Mardi soir à Bruxelles, plusieurs chefs d’Etat ou de gouvernement se sont ainsi évertués à expliquer qu’en fin de compte, il ne s’agissait pas d’une question de « personne« , mais plutôt d’une question de « contenu » pour l’Europe. Comme le Néerlandais libéral Mark Rutte, qui a évoqué « l’économie, l’emploi, le changement climatique et les migrations » comme priorités. Mais aussi comme la chancelière allemande en personne qui, après avoir redit sa fidélité à Manfred Weber, a aussi parlé d’un impératif « d’efficacité » pour relever les « défis communs« , en ajoutant qu’en 2014, « Martin Schulz, qui avait de l’expérience, avait aussi été pour nous un Spitzenkandidat très acceptable« . D’aucuns, avant le sommet informel, murmuraient ainsi qu’Angela Merkel pourrait lâcher le candidat du PPE si l’Allemagne obtenait d’autres postes clés, comme la présidence du Parlement européen (un lot de consolation pour Manfred Weber), celle de la Banque centrale européenne, voire celle du Conseil européen, bien que la chancelière – dont le nom circule – ait formellement démenti tout intérêt pour ce poste.

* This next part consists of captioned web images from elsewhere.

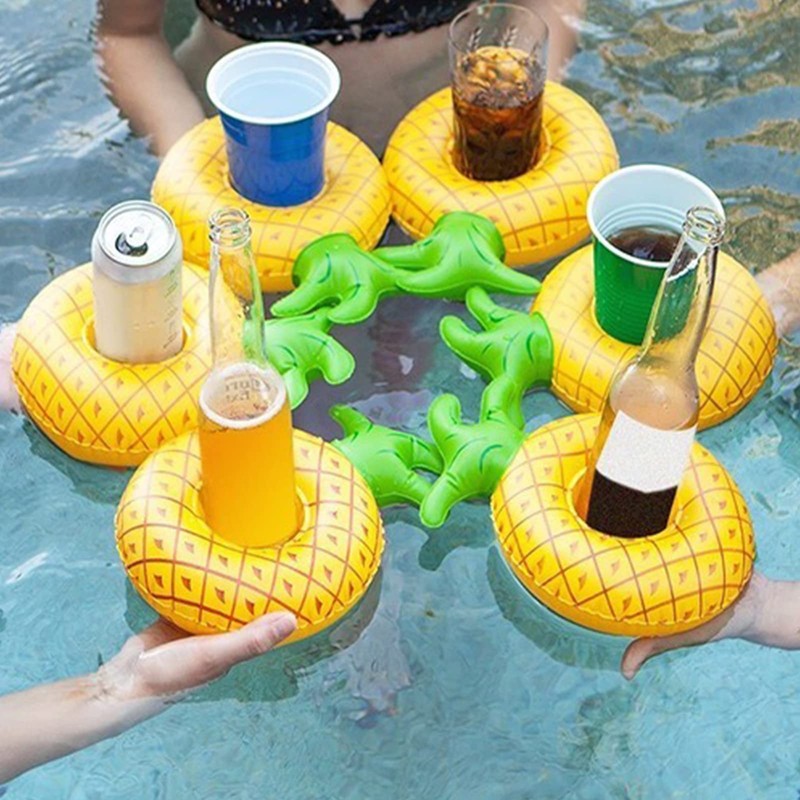 Inflatable Drink Holder 20 Pack Inflatable Pineapple Pool Float Drink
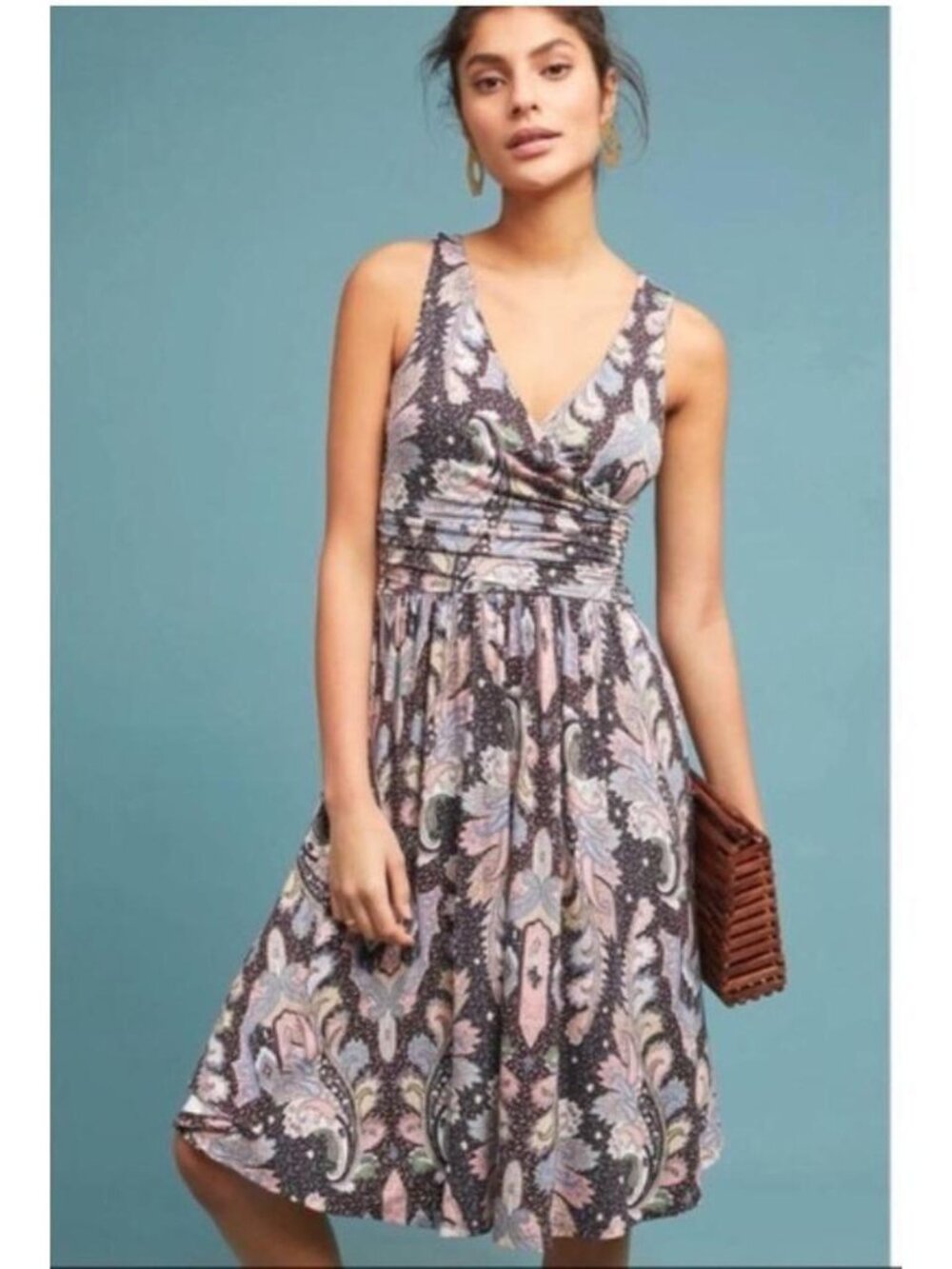 XS Maeve Leslie Midi Dress Paisley Sleeeveless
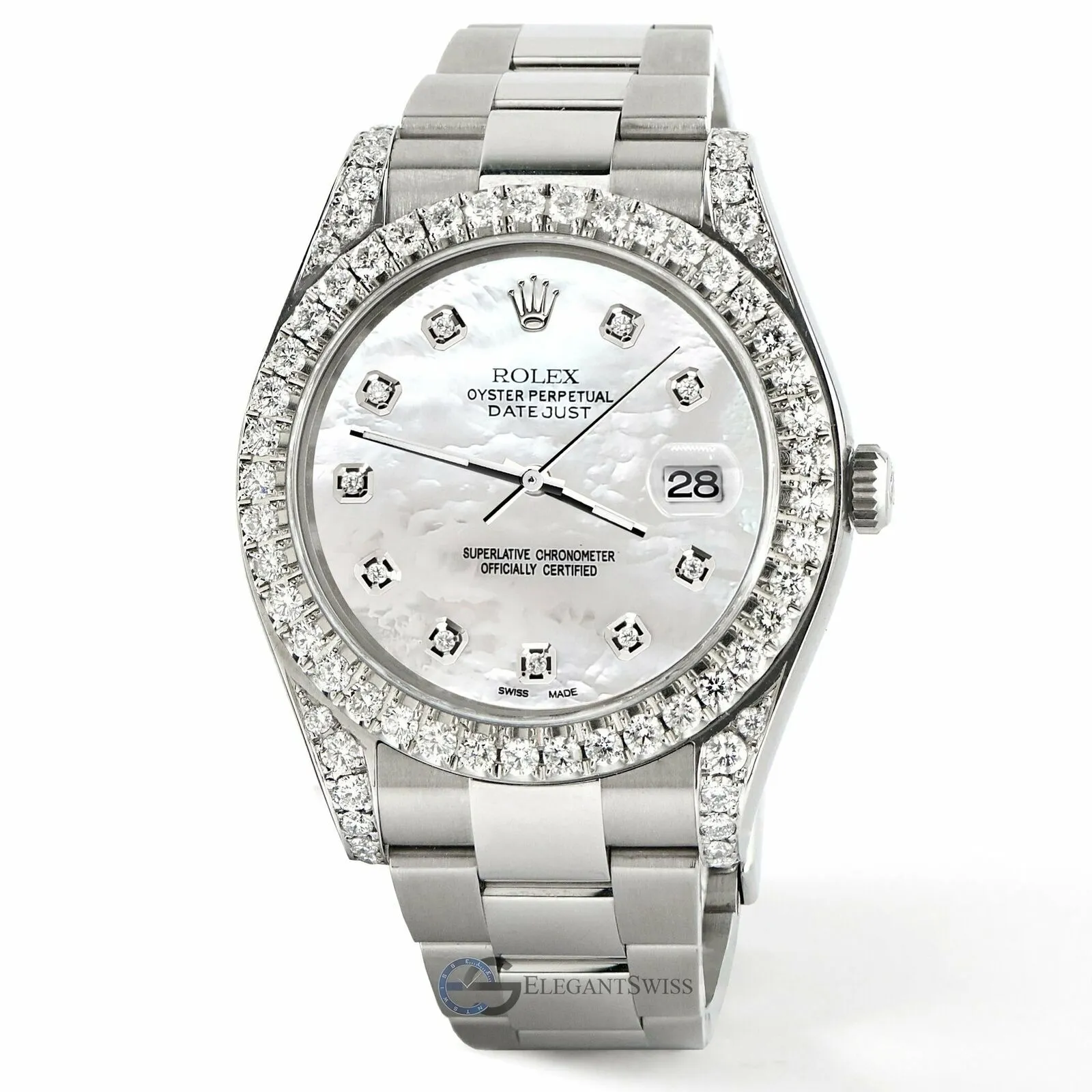 Rolex Datejust 41 126300 4.4CT Diamond Bezel/Lugs/White MOP Dial,  TFJ-142508768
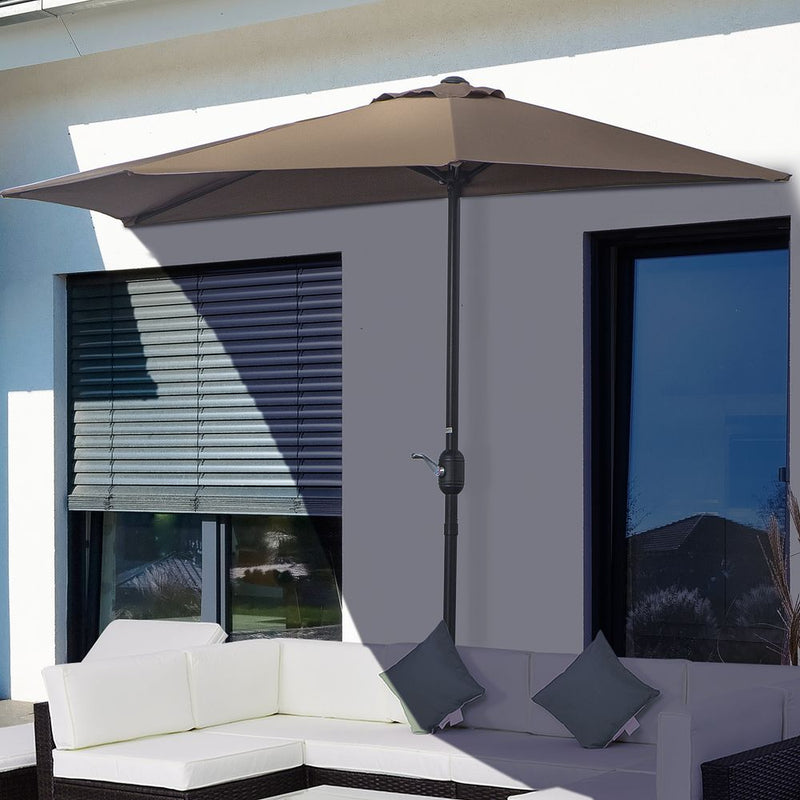 Outsunny 2.7m Metal Frame Garden Furniture Parasol Half Round Umbrella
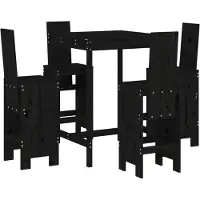 vidaXL Ensemble bar de jardin 5 pièces noir pin massif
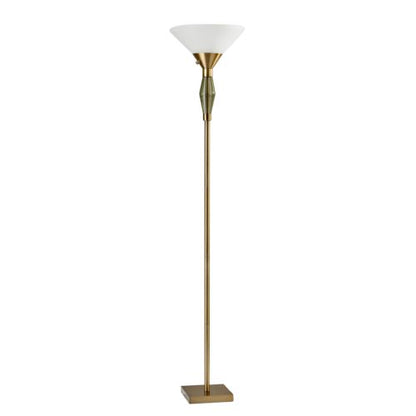 Brass Light Changing Torchiere Floor Lamp w/ Shade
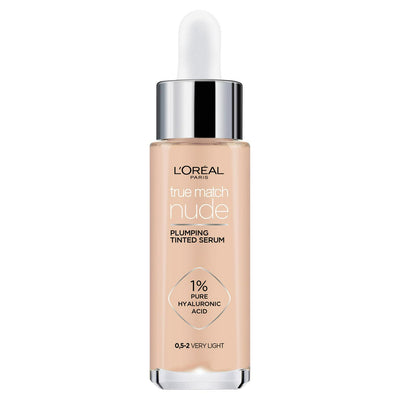 Sainsburys L'Oreal Paris True Match Nude Plumping Tinted Serum Shade 0.5-2 Very Light Hyaluronic Acid- Buy online at McGrocer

De son côté, le président français a déclaré à son arrivée que Margrethe Vestager avait « les compétences » pour accomplir les nouvelles ambitions européennes… et notamment la lutte contre le changement climatique, de plus en plus chère aux électeurs. Outre cet appel du pied au groupe des Verts, il avait aussi déjeuné avec les Premiers ministres socialistes espagnol et portugais : Pedro Sanchez et Antonio Costa… Mais à la table des négociations mardi soir, c’est bien au Spitzenkandidat de leur propre famille politique que ces derniers ont apporté leur soutien : le travailliste néerlandais Frans Timmermans, candidat des sociaux-démocrates du S&D, le deuxième groupe du Parlement européen.

Michel Barnier, plus en lice que jamais ?

Une majorité finira-t-elle par se dégager en faveur de l’un de ces Spitzenkandidaten ? Quoi qu’il en soit, les chefs d’Etat et de gouvernement sont tombés d’accord pour rappeler le 28 mai que ce système n’avait rien « d’automatique« . D’après les traités, les Etats membres n’ont qu’à « prendre en compte » les résultats des élections européennes pour soumettre au vote des eurodéputés un candidat à la tête de la Commission européenne.

Emmanuel Macron dispose donc, plus que jamais, d’une marge de manœuvre pour pousser la candidature du Français Michel Barnier. D’autant plus que s’il est respecté pour avoir défendu les intérêts de l’UE lors des négociations du Brexit, ce membre charismatique du PPE représenterait, lui aussi, la première force politique du Parlement européen. Pour faire pencher la balance en sa faveur, le président français est allé jusqu’à rencontrer, en amont du sommet, les Premiers ministres populistes du groupe de Visegrad (Hongrie, Pologne, Slovaquie, République tchèque). Leurs partis politiques siégeant dans quatre groupes différents du Parlement européen (PPE, CRE, S&D et ADLE), ces derniers ont décidé de défendre la candidature de leur propre candidat, le commissaire slovaque Maros Sefcovic (S&D). Mais selon un quotidien tchèque relayé par Euractiv, ils se seraient dit prêts à soutenir la candidature de Michel Barnier si M. Sefcovic obtenait le poste de Haut représentant de l’UE aux affaires étrangères…

Tous les jeux sont permis. Les chefs d’Etat et de gouvernement espèrent parvenir à se mettre d’accord lors du Conseil européen des 20 et 21 juin prochains. Et pour s’assurer d’être suivis par les eurodéputés lors d’un vote prévu à la mi-juillet, Donald Tusk a été mandaté pour démarrer, dès à présent, un round de consultations auprès du Parlement européen.